=== REQUIREMENT ===
Output, exactly as written, the lines below starting at the line containing "Topshop Faux Black" and ending at the line containing "Cape Sleeve Wedding". Drop the pictures and keep both end lines.

=== PROVIDED DATA ===
Content starts

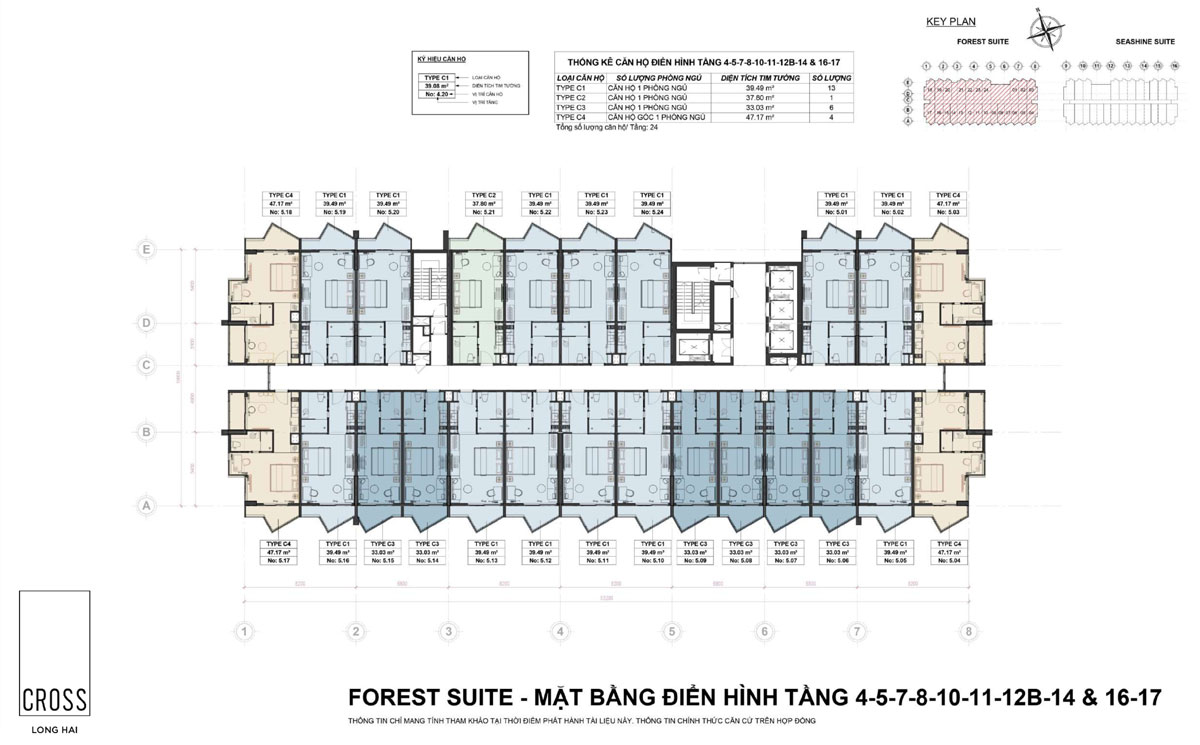 Mặt bằng Tầng điển hình Căn hộ Cross Long Hải Mặt bằng Tầng điển hình Căn hộ Cross Long Hải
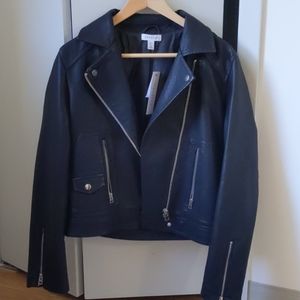 Topshop Faux Black Leather Moto Biker Jacket NWT
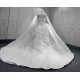 Cape Sleeve Wedding Dresses Long Sleeves Crystal Bridal Dresses Floor Length Wedding Gowns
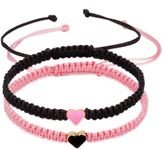 Generic Handmade Heart Beaded Matching Bracelets Friend Love Family Couple Bracelet Adjustable Rope Bracelets Birthday Christmas Children Gift Idea (Black+Pink(2pcs))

Content ends

=== SOLUTION TO THIS PROBLEM ===
 Topshop Faux Black Leather Moto Biker Jacket NWT
 Cape Sleeve Wedding Dresses Long Sleeves Crystal Bridal Dresses Floor Length Wedding Gowns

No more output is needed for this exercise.